La présidence burundaise a tenté samedi de rassurer la communauté internationale qui craint des violences ethniques à grande échelle.
"Il n'y aura pas de guerre ni de génocide" au Burundi, a affirmé samedi à l'AFP Willy Nyamitwe, conseiller principal présidentiel en communication. "On ne permettra pas que ce pays retombe dans ses vieux démons". "Il y a aujourd'hui une manipulation de la communauté internationale car celle-ci est tombée dans le piège d'une opposition qui a toujours chanté +génocide+ et qui a propagé des traductions erronées de certains propos de responsables burundais", "interprétés exprès dans le sens négatif", a-t-il dit.

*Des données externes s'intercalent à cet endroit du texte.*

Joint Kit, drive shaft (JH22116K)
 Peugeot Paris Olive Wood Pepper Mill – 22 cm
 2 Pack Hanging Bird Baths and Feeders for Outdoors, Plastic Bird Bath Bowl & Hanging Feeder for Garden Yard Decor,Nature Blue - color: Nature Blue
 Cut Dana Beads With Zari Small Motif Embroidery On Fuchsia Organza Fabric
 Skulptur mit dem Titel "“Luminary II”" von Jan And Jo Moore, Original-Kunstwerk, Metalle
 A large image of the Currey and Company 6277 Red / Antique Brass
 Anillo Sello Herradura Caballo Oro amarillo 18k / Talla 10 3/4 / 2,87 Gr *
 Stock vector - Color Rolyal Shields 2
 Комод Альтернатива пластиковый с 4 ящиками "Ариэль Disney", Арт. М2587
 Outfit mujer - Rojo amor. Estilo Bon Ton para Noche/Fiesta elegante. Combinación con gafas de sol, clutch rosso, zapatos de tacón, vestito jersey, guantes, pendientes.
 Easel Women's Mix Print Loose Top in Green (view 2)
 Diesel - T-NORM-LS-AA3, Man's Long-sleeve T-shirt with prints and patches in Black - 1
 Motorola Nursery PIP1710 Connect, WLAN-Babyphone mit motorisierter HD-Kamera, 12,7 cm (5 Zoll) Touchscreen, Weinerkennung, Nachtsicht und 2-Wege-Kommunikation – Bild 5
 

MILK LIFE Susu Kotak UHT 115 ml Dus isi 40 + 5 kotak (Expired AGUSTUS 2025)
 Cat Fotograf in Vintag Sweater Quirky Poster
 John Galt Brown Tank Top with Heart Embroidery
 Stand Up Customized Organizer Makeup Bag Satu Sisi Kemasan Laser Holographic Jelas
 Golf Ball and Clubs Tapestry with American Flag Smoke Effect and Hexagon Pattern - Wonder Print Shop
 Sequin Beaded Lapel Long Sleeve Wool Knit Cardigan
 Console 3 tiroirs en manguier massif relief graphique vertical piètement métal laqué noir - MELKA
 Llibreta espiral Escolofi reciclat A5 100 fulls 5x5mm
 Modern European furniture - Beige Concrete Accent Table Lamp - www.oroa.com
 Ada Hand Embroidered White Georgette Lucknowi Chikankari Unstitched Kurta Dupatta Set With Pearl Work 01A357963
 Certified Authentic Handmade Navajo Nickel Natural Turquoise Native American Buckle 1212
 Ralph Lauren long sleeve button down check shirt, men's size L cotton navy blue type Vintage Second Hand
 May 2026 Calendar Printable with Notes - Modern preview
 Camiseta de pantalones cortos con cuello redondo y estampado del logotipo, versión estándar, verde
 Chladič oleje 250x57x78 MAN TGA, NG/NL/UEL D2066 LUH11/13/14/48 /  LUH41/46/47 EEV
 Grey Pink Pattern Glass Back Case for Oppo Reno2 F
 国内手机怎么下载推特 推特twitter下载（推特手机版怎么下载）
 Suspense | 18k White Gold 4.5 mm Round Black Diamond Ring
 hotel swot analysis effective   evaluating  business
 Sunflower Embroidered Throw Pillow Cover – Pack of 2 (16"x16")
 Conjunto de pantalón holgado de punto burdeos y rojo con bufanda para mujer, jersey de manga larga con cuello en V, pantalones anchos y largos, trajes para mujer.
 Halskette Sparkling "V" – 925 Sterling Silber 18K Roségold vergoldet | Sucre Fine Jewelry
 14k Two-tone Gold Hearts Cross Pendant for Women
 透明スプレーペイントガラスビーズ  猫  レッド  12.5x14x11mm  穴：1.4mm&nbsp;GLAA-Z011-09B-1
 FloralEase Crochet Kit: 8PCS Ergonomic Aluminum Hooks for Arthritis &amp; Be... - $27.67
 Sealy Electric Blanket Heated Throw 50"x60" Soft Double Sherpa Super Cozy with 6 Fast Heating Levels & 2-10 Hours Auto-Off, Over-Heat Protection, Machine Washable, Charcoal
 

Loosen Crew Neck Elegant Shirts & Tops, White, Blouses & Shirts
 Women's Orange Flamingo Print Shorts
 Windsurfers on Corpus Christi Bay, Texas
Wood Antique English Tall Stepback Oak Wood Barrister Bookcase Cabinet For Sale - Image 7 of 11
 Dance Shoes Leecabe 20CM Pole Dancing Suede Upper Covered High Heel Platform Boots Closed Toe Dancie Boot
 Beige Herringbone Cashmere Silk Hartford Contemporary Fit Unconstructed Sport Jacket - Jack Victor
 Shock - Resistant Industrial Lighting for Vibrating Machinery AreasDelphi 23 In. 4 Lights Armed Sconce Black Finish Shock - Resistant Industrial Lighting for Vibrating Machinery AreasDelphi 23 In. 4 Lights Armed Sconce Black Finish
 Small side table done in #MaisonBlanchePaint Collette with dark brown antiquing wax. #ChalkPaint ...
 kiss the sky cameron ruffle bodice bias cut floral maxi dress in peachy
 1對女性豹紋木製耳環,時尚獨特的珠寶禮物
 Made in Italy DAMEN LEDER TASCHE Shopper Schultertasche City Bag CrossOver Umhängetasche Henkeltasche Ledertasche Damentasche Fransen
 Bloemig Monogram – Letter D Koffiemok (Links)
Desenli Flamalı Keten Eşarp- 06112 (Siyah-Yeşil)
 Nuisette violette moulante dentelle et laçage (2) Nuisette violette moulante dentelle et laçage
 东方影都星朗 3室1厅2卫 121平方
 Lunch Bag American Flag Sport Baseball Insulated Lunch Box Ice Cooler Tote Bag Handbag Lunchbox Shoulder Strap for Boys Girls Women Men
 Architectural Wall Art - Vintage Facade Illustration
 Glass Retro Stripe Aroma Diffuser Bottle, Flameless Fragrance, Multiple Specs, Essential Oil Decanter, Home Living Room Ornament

Fin octobre, le président du Sénat Révérien Ndikuriyo avait menacé de "pulvériser les quartiers" contestataires de Bujumbura, utilisant au passage le terme "travailler", qui renvoie au génocide de 1994 au Rwanda voisin, qui fit 800.000 morts en trois mois, et où des miliciens hutu partant massacrer des Tutsi étaient encouragés à bien "travailler". Le ministre de la Sécurité publique, Alain-Guillaume Bunyoni, véritable numéro 2 du régime, a rappelé cette semaine aux habitants des quartiers contestataires, surtout tutsi, qu'ils étaient minoritaires face à la masse paysanne hutu favorable au président Nkurunziza."Si les forces de l'ordre échouaient, on a neuf millions de citoyens à qui il suffit de dire: +faites quelque chose+", a-t-il lancé.
ci-dessus
Samedi, les quartiers contestataires du nord de la capitale burundaise continuaient à se vider de leur population, quelques heures avant l'expiration de l'ultimatum, selon des témoins joints au téléphone par l'AFP. Lundi, le président avait donné à ses opposants jusqu'à samedi soir pour "déposer les armes" en échange d'une amnistie, après quoi la police pourrait "user de tous les moyens".
"J'ai décidé de fuir "
"Dès que j'ai entendu le discours du président Nkurunziza et les propos de ses ministres, j'ai décidé de fuir car j'ai compris que les choses ont changé", affirme Marie, une secrétaire quadragénaire qui a trouvé refuge avec ses cinq enfants chez une parente, dans un quartier plus calme de Bujumbura. "J'ai été terrorisée, j'ai compris que cette fois ils allaient nous tuer jusqu'au dernier", lance-t-elle. Son mari, lui, est resté par "crainte des pillages". "Il ne reste pratiquement que des hommes qui protègent leurs biens et des jeunes, tous les autres ont fui", renchérit un habitant du quartier de Mutakura sous couvert d'anonymat.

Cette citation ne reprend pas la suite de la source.